In the Middle East, for another example, 1948 is either the return of the Jews to their homeland, thus ending the persecution of the Jews that led to the Holocaust, or it is the year of Al Nakba, the cataclysm, when the West stripped the Palestinian people of their homes and land to make room for Zionism. Are both facts? There's that "winner" thing again.
This is increasingly a source of conflict in our culture today for many reasons. One, in the history that's being made today, it's no longer easy to hide the bias of the moment, for a hyperconnected humanity is able to provide many points of view simultaneously. Two, for the same reason, it's harder to appropriate words in reframing events. The word "bully," for example, is a loaded, pejorative word, but today the term is bandied about inappropriately by those who simply wish to assume the moral high ground in their arguments. Three, a link on the Web points to something, but is that all-encompassing or biased, based on what the provider of the link wishes to state? These are issues we're all going to have to accept, although the task seems a daunting one.
In his brilliant 2003 essay "Why the Web Will Win the Culture Wars for the Left," Peter Lurie writes that the process of finding information online — not the content we find itself — is what will change us.

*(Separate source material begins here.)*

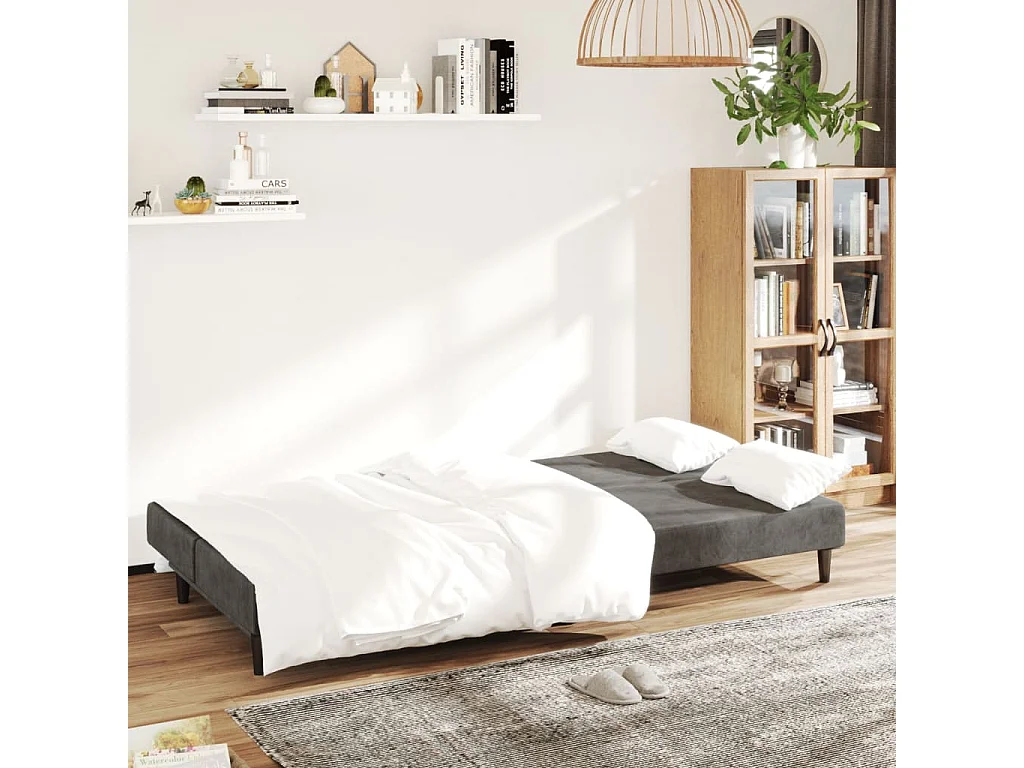 Sofá-cama de 2 lugares veludo cinzento-escuro PT461915
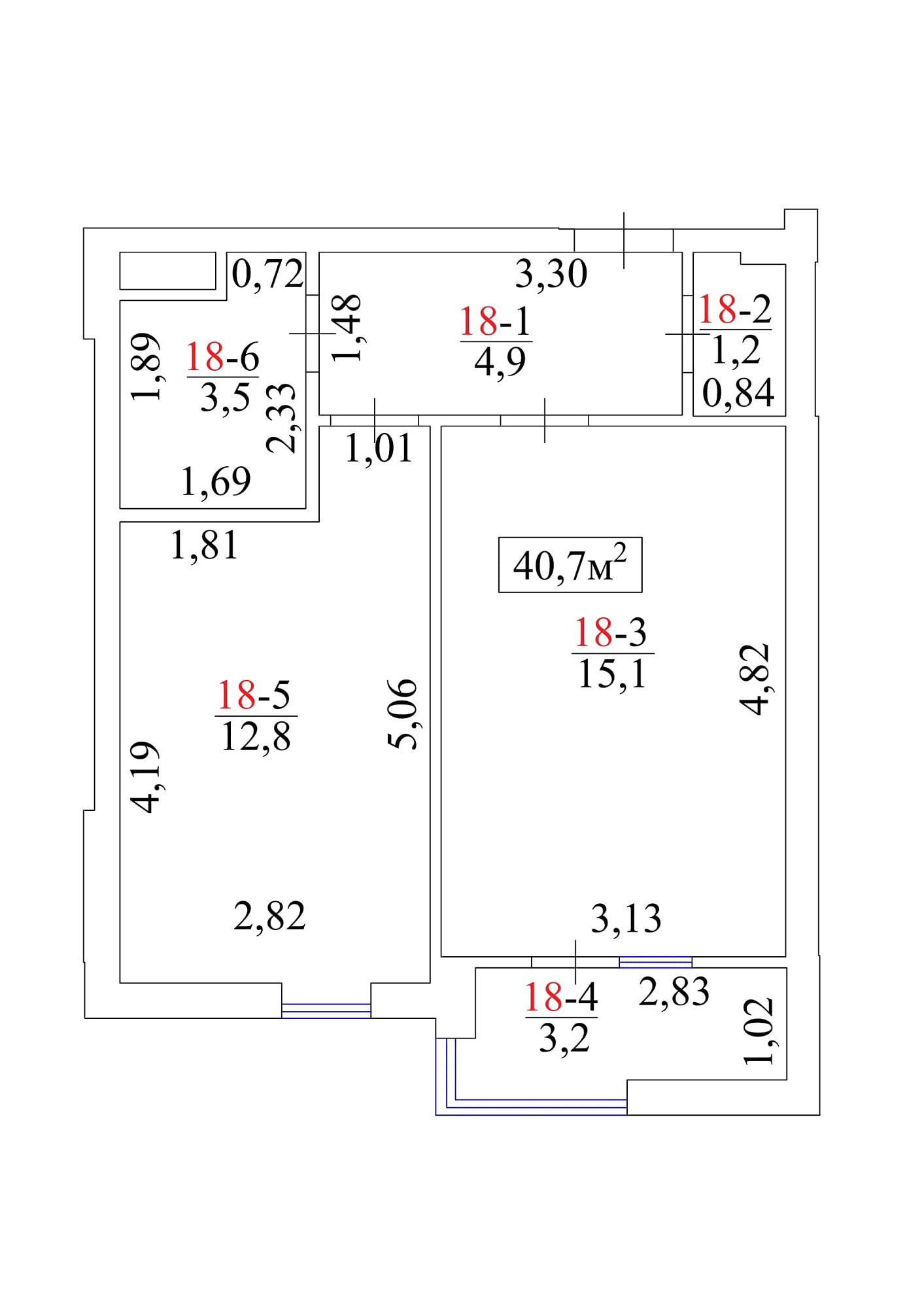 Планировка 1-к квартира площей 40.7м2, AB-01-03/00019.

Like reading or breathing, web browsing itself is agnostic with respect to politics and culture. Unlike reading or breathing, however, surfing mimics a postmodern, deconstructionist perspective by undermining the authority of texts. Anyone who has spent a lot of time online, particularly the very young, will find themselves thinking about content -- articles, texts, pictures -- in ways that would be familiar to any deconstructionist critic.
...HTML, hyperlinks, frames, and meta-tags are the essential building blocks of the web. They combine to create a highly associative, endlessly referential and contingent environment that provides an expanse of information at the same time that it subverts any claim to authority, since another view is just a click away.
This is exactly what's taking place today. Journalists are enjoying the associated links, and those who sit in positions of institutional authority are watching their power slowly slip away, because that authority is, in many ways, built upon self-serving biases. I believe this Presidential election will be the last where candidates can force falsehoods as truth and get away with it. We'll judge the context within which such statements are made, not just the statements themselves, and this will prove a lofty challenge for those wishing to get away with twisting reality. We say we want truth, but the issue is going to be "can we handle the truth?" Assuming the answer is yes, then if we practice deconstructionism in the news business, we'll right the ship about history and see the need for working together, perhaps even be forced into the need of working together.
I realize there's a certain degree of optimism or perhaps even na´vetÚ in such a statement, because it sure seems right now that we'd rather tear each other apart than work together. But really, do we have any other choice, and besides, isn't that really just the fruit of institutional bias in the first place? Nothing — absolutely nothing — is actually "working" today, the hierarchical modern era having stripped away anything even resembling common sense or community. The postmodern era is the age of participation, and while the path from here to there isn't clear today, it's becoming increasingly obvious that it's necessary.
We either fix the gaps between us or we'll take up arms and destroy each other.